Polostan
- Author: Neal Stephenson
- Language: English
- Series: Bomb Light
- Release number: 1
- Genre: Historical fiction; Spy fiction; Thriller;
- Set in: Soviet Union, United States, 1933–1934
- Publisher: William Morrow and Company/HarperCollins
- Publication date: October 15, 2024
- Publication place: United States
- Media type: Hardcover (first edition)
- Pages: 312
- ISBN: 9-780-06233-449-7
- Preceded by: none

= Polostan =

2024 novel by Neal Stephenson

Polostan is a 2024 spy novel by American author Neal Stephenson, and the first novel in a planned historical fiction series called Bomb Light.
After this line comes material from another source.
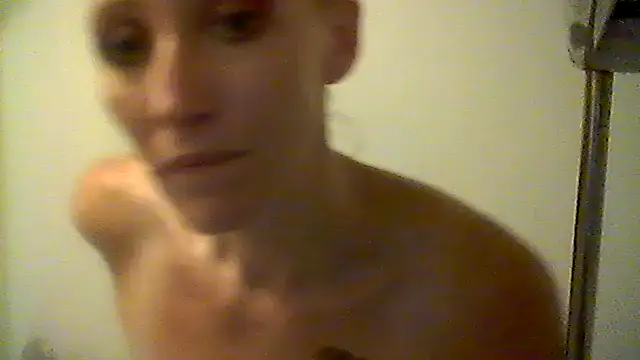 4EyedSluttyGinger online show from November 16, 6:48 am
The novel received positive reviews from critics like The New York Times, The Washington Post and Kirkus Reviews.

== Plot ==
Set in the early 20th century, Polostan dramatizes the early life of Dawn Rae as she moves between the United States and the Soviet Union amidst the dawn of the Atomic Age. Dawn recounts her time in the States as she is being groomed as a spy for the organization that would eventually become the KGB.

Stephenson references various historical figures and events that occurred in the 1930s, such as General Patton, Lavrentiy Beria and the Century of Progress.